I understand that I can use InterlockedExchange for modifing iValue but is it enought just to do

iValue = ComputeValue();

So is it actually necessary to use InterlockedExchange to set iValue? Or other threads will see iValue correctly even if iValue = ComputeValue();. I mean the other threads will see iValue correctly because there is InterlockedExchange after it.

There is also the paper A Principle-Based Sequential Memory Model for Microsoft Native Code Platforms. There is the 3.1.1 example with more or less the same code. One of the recomendation Make y interlocked. Notice - not both y and x.

Update
Just to clarify the question. The issue is that I see a contradiction. The example from "Synchronization and Multiprocessor Issues" uses two InterlockedExchange. On the contrary, in the example 3.1.1 "Basic Reodering" (which I think is quite similar to the first example) Herb Sutter gives this recomendation

"Make y interlocked: If y is interlocked, then there is no race on y because it is atomically updatable,and there is no race on x because a -> b -> d."

. In this draft Herb do not use two interlocked variable (If I am right he means use InterlockedExchange only for y ).
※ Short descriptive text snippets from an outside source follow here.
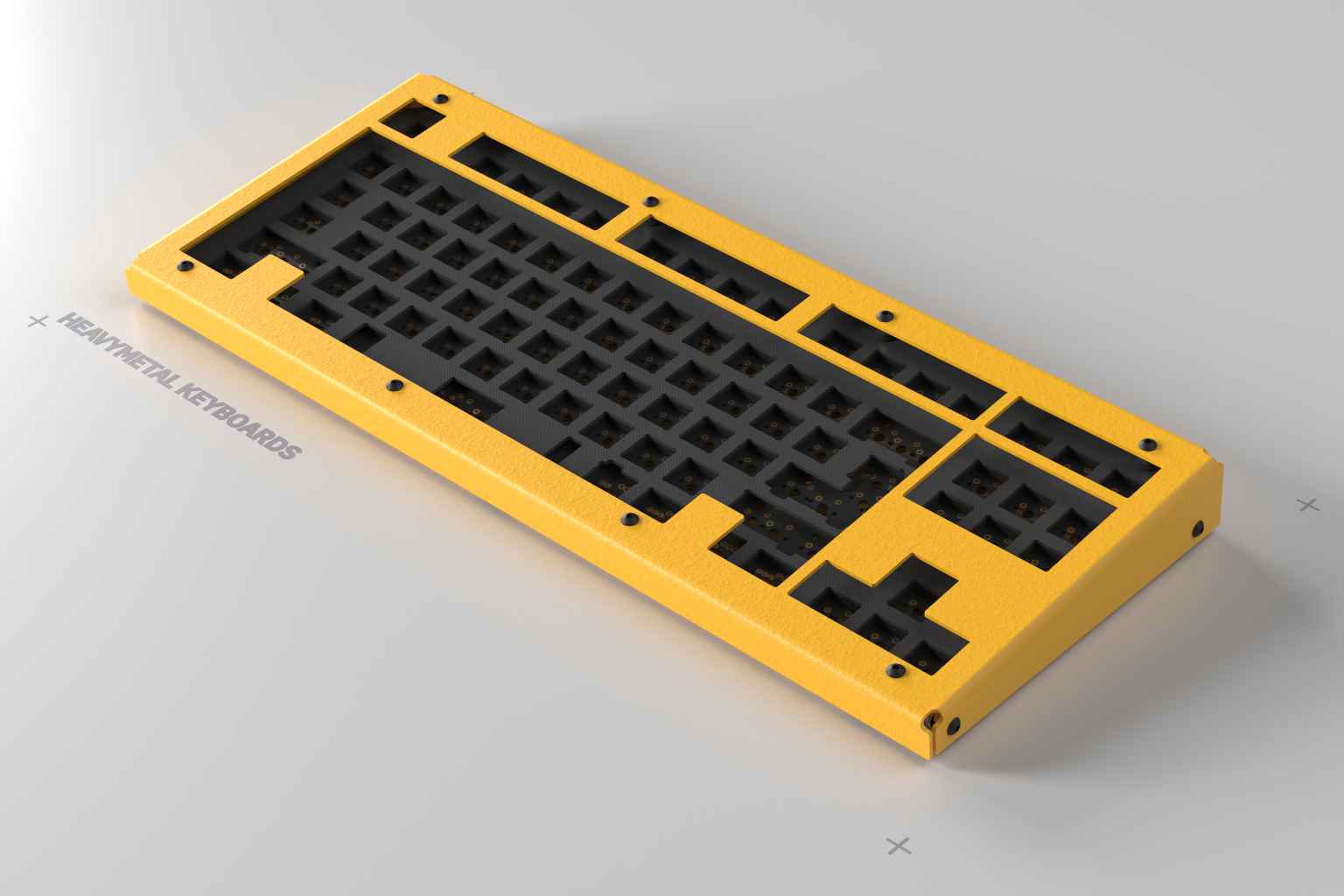 HMKB V1 80 WKL RAL1023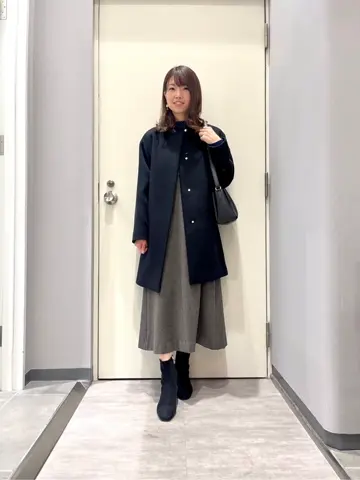 ANY 金井 コーディネート画像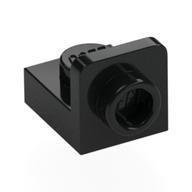 Bracket 1 x 1 - 1 x 1 Inverted (Black)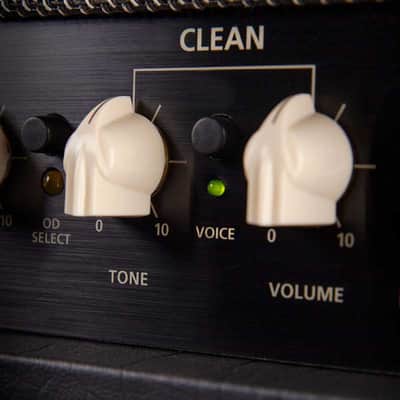 Blackstar HT20R MKII 1x12" 20-watt Tube Guitar Amplifier Combo w/ Reverb image 7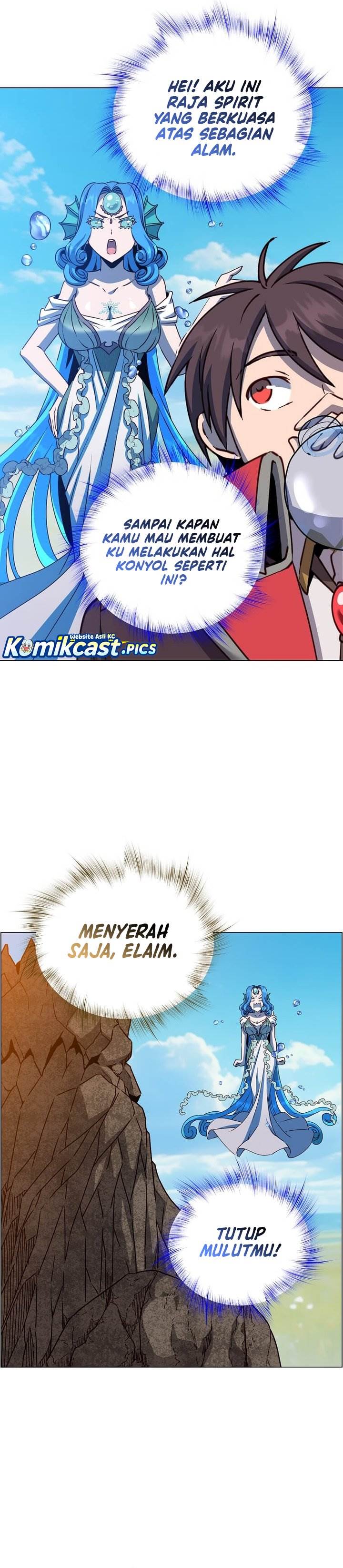 The MAX leveled hero will return! Chap 220 - Next Chap 221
I'd say you're right, only accesses to `fValueHasBeenComputed` need to be interlocked. Why did they make it like this, I don't know. — jpalecek, Oct 07 '11 at 09:58
Yeah, it's necessary. InterlockedExchange promises a full memory barrier so you can be sure that both variables are visible. But it does *not* guarantee in which *order* the pending buffer writes become visible. You are still screwed if the fValueHasBeenComputed update is flushed first. — Hans Passant, Oct 07 '11 at 10:06
@HansPassant: Wrong. Quoting the linked document: A full memory barrier ensures that **memory read and write operations that appear before the memory barrier instruction are committed to memory before any memory read and write operations that appear after** the memory barrier instruction. In fact, the barriers are ther to *ensure ordering*, not visibility. — jpalecek, Oct 07 '11 at 10:41
@jpalecek you are not protected in case when other instructions occur in another thread between these two — Oleg, Oct 07 '11 at 11:00
@Oleg: OMG, protected against what? What do "instructions in another thread" have to do with this? — jpalecek, Oct 07 '11 at 11:01
@Oleg: writes to well-aligned memory locations are atomic on x86. Even without interlocked exchange, `iValue` would be updated atomically (unless your code does something horrible to break alignment). So instructions in another thread have nothing to do with it. Morover, even when both variables are updated with interlocked operations, there's still an interval in between them where instructions in another thread will see the nerw value of `iValue` and the old value of `fValueHasBeenComputed`. So the race condition is still there with interlocked. — jalf, Oct 07 '11 at 11:30
@Oleg: Yes. The code (in either modification) does **nothing** against races between two calls of `CacheComputedValue()`. However, races between `Cache...` and `Fetch...` are equally impossible in both. Arguing for `InterlockedExchange` (especially if you don't use its return value) on grounds of race condition is lame. — jpalecek, Oct 07 '11 at 11:36
@jpalecek I believe jalf explained this once again. Did you get it now? Order of operations is guaranteed, you are not guaranteed that operations are executed immediately one after another. — Oleg, Oct 07 '11 at 13:11
@Oleg: yes, I have. Rather than asking if we have heard of a seemingly endless stream of unrelated words, perhaps you could explain what it is about them that you consider relevant. — jalf, Oct 07 '11 at 13:15
@Oleg: you are never guaranteed that two operations are executed immediately after another (depends on what you mean by *immediately*, obviously). `Interlocked...` doesn't solve this either. — jpalecek, Oct 07 '11 at 13:17
No matter how many CPUs or threads you have, writing a `LONG` on x86 (using Win32's definition of `LONG`) will (assuming your data is well aligned) be atomic. And no matter how many interlocked operations you use, there will be a gap between `iValue` and `fValueHasBeenComputed` getting updated, so there will be a potential race condition there if other code assumes that the two variables will be updated as a single atomic operation. — jalf, Oct 07 '11 at 13:27
@jpalecek. Ok, just imagine that another piece of code checks fValueHasBeenComputed and gets false even if iValue was updated. This is obviously not solved by InterlockedExchange, but in my initial comment I only did want to say that Hans Passant was correct about this. — Oleg, Oct 07 '11 at 13:51

score 1 · Answer 1 · answered Oct 07 '11 at 11:10

1

They did that to prevent partial reads/writes if the address of iValue is not aligned to an address that guarantees atomic access. this problem would arise when two or more physical thread try to write the value concurrently, or one reads and one tries to write at the same time.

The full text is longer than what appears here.